The pod was headed by the largest male, the “pilot” Cagliostro, as observed in other social groups of this species. In 1996 one of the adult males (Enea) was sighted for the last time, while in 1999 a newborn was recorded (Mussi et al., 2000). Direct observations documented that Cagliostro, the “pilot”, was taking constant care of the young Pan (5-6 years-old), isolating him from the rest of the pod. On the other hand, the two females and the smaller male of the group were taking care of the newborn, in a way that it was impossible to approach the juvenile closer.

The opportunity to perform direct and continuous “in situ” observation on a wild pod of long-finned whales off Ventotene Island, confirmed the time stability of social groups in this species. The social structures of pilot whale pods are similar to those of “resident” killer whales. The pods are highly stable and the members have close matrilineal relationships. The evident interaction between the pilot and the youngest member of the pod brought new insight on the role of adults, dominant males in the complex social structure of Globicephala melas.

The limited number of individuals of the pod allowed to assign calls to whales to demonstrate that whales produced mostly their own signature call (Mussi et al., 2003). Signature remains stable over long periods and its frequency versus time “contour” shows a high degree of stereotypy. Male individual’s calls were found to be predominant and in particular two members of the pod, the youngest one (Pan) and the pilot, seemed to be strongly linked by the number of whistles emitted since 1995, announcing a particular relationship between the whales that was revealed only in 1999 with the separation of the pod.

At last was possible to document the development of a signature whistle in a juvenile male of pilot whale since it was 1-2 years old, starting from a simple whistle to arrive a defined call with an introductory and a terminal structure well recognizable.

In the last years, long-finned pilot whales have been sighted less and less. Nevertheless, the monitoring effort of Oceanomare Delphis Onlus is still active providing data on the absence of the species in the Pontino Archipelago.

As we can see, there are a lot of anthropogenic factors affecting long-finned pilot whales in the Mediterranean Sea.
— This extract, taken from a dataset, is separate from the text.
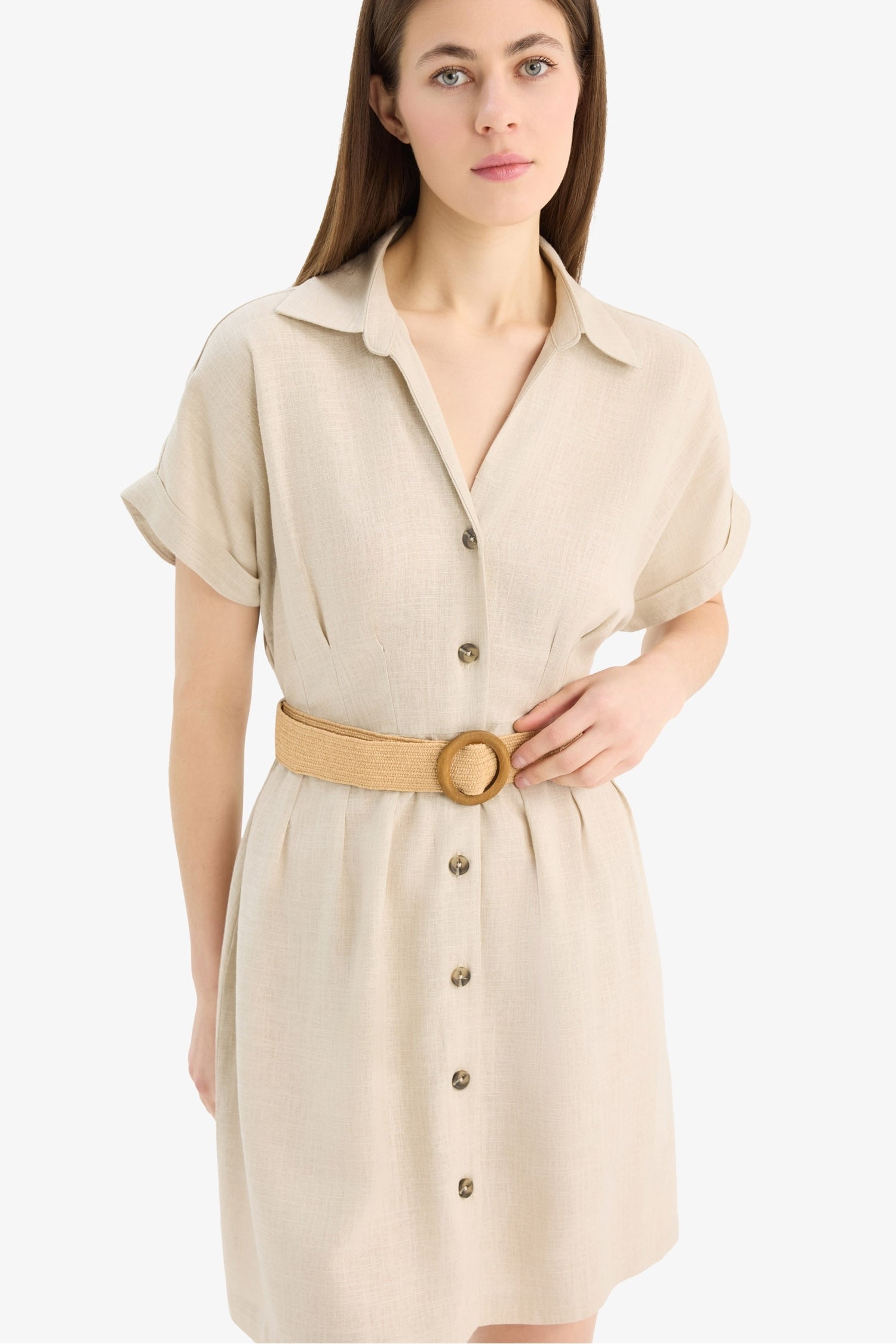 Shirt Collar Belted Linen Blend Mini Dress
This is a problem when it comes to a rather uncommon species in this Sea. In fact, little is known about their abundance in this area which makes it difficult to assess the conservation status of the Mediterranean subpopulation.

Monitoring efforts in the Mediterranean Sea to study the population status of long-finned pilot whales are hence of utmost importance for the conservation of the species. Even though sightings in the Tyrrhenian Sea are rather rare, they continue to be one of the target species of the monitoring efforts in the Ischia Dolphin Project.